«El independentismo que gobierna la Generalitat quería demostrar que podía hacerlo mejor que el Ejecutivo central, pero, a la hora de la verdad, es víctima de la imprevisión, la improvisación y la falta de impulso político», afirma Francesc-Marc Álvaro en La Vanguardia —Iconos, presos y líderes—, y nadie podrá decir que le falta razón ni que la torpeza que exhibe el gobierno Torra sea una novedad.
Álvaro señala el contraste del descrédito de los gobernantes actuales con la popularidad de que aún gozan los presos que ya están dejando de serlo —puestos en el tercer grado penitenciario, sólo han de pasar 0cho horas al día en la cárcel—: «Las apariciones en calles y plazas de figuras como Junqueras, Rull, Turull o Cuixart proyectan el eco de una promesa que se desbravó como una botella de champán que queda abierta tras la verbena».
No es extraño que su ascendencia sobre las bases independentistas persista «como si no hubiera ningún tipo de relación entre los que impulsaron el referéndum unilateral y los que hoy tienen la responsabilidad de tomar decisiones desde la autonomía». Y persiste no sólo por el factor sentimental, exacerbado durante los meses del juicio, sino porque —y esto no lo señala Álvaro— se despidieron del tribunal diciendo que «lo volverían a hacer».
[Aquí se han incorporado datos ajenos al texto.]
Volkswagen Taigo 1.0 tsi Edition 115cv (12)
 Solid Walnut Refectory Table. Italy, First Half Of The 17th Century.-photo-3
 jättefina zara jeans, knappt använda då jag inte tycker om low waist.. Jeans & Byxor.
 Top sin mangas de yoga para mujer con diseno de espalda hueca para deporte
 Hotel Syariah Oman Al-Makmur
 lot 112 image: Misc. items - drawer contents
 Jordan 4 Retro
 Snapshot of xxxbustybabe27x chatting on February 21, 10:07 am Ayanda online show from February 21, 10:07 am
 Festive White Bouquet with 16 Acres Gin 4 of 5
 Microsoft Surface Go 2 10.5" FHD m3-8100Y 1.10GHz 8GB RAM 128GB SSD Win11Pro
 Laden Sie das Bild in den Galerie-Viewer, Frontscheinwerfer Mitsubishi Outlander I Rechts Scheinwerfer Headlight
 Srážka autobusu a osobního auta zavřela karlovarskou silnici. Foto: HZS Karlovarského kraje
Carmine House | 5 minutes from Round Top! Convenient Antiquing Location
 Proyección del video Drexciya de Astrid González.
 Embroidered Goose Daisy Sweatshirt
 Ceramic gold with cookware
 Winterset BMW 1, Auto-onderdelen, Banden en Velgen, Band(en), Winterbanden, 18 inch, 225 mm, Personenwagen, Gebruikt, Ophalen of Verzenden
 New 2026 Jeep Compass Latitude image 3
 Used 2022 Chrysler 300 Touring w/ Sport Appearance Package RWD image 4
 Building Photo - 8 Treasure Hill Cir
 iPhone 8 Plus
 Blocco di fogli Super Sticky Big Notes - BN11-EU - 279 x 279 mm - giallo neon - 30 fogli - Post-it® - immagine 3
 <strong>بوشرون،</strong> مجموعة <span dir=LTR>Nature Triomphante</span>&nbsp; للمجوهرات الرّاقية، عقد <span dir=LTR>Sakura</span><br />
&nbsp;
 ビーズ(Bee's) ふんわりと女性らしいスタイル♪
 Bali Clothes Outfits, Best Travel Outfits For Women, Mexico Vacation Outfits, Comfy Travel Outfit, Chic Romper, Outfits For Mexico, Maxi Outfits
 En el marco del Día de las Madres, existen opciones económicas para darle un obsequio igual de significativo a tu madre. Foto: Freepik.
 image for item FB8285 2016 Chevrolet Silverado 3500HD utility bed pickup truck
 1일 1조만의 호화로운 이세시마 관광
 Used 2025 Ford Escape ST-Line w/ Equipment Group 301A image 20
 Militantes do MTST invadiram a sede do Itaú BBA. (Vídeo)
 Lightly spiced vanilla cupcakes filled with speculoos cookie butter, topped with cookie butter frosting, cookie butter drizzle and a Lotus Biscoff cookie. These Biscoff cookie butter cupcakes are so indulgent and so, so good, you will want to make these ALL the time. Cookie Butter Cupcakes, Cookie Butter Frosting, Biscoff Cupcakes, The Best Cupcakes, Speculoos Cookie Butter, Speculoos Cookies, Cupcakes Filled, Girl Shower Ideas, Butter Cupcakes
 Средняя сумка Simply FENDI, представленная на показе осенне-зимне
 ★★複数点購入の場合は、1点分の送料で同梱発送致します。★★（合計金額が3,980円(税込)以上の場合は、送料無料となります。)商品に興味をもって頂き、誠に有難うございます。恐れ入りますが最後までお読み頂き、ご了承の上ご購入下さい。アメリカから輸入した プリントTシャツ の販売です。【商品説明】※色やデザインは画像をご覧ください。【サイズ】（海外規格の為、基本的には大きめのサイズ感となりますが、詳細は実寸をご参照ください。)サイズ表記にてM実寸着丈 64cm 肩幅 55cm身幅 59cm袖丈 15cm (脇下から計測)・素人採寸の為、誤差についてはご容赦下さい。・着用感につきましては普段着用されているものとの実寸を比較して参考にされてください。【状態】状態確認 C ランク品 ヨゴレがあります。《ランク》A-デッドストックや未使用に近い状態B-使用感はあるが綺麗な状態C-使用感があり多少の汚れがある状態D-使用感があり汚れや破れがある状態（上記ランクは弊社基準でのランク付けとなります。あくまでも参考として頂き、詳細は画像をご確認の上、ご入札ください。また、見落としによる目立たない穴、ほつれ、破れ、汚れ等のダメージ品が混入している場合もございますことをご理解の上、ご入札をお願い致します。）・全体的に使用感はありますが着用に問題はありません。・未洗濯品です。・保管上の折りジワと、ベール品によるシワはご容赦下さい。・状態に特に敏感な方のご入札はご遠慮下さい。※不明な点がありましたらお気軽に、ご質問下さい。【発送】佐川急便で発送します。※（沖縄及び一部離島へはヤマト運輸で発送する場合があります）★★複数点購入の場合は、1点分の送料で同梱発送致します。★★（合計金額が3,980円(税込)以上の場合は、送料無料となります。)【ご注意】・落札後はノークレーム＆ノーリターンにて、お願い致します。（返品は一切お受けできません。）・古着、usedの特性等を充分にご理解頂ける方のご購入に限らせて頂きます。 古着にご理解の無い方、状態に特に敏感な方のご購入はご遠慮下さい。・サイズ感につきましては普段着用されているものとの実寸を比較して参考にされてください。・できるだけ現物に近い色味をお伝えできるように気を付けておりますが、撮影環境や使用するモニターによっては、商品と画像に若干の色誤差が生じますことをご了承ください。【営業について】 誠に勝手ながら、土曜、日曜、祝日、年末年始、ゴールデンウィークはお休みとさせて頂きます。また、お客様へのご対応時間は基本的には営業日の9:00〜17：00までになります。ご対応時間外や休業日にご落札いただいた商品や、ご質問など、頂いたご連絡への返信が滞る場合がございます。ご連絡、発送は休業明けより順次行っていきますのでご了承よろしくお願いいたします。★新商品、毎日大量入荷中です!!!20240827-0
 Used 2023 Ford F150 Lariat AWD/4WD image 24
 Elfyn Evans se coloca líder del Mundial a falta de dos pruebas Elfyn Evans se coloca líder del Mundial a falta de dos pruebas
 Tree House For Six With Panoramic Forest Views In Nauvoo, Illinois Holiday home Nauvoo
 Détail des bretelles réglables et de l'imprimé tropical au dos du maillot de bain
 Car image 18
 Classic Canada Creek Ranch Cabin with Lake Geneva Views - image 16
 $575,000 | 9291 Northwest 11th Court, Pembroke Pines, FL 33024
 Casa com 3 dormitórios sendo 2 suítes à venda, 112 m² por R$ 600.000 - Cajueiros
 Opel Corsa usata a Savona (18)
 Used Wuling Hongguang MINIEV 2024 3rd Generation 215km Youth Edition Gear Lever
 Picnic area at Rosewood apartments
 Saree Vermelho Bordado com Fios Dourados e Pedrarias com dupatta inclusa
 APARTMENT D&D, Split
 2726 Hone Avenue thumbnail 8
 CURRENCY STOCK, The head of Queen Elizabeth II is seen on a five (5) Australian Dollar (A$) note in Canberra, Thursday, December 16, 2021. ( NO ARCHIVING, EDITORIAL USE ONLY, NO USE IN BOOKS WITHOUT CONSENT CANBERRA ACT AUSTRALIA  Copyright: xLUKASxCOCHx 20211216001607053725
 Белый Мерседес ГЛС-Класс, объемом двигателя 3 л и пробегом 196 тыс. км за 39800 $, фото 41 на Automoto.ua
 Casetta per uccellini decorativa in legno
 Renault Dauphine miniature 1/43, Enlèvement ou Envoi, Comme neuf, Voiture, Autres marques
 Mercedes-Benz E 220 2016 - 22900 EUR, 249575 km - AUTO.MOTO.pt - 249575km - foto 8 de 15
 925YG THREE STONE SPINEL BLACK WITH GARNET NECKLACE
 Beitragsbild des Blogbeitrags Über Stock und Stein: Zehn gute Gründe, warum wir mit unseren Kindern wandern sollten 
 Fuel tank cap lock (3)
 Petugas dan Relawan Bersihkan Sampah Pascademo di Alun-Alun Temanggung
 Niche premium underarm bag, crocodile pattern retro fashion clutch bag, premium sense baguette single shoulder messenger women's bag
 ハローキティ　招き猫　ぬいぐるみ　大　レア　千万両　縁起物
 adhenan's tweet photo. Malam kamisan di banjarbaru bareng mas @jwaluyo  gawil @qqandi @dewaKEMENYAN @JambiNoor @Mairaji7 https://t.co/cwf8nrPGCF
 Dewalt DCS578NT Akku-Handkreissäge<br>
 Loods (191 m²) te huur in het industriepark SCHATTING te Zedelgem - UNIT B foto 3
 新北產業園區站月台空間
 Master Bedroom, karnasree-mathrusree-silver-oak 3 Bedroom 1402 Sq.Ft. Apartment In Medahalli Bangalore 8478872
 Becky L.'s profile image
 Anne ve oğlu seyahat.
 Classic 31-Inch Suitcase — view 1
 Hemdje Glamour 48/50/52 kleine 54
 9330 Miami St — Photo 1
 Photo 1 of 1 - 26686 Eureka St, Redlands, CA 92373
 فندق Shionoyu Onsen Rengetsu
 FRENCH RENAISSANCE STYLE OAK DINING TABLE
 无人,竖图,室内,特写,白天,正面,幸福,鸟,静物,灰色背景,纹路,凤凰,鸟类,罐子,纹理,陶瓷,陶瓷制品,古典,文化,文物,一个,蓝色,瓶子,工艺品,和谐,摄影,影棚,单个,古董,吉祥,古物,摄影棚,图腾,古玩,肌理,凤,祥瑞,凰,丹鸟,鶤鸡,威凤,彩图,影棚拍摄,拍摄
Hay un ingrediente de evasión en ese recuerdo del «viaje pendiente a Ítaca» y otro de consuelo ante una realidad atroz. La esperanza electoral del independentismo, en su conjunto, reside en cuántos ciudadanos serán incapaces de relacionar la cadena de desprósitos que llevaron a la declaración de independencia con el desatino con que gobiernan en estos momentos.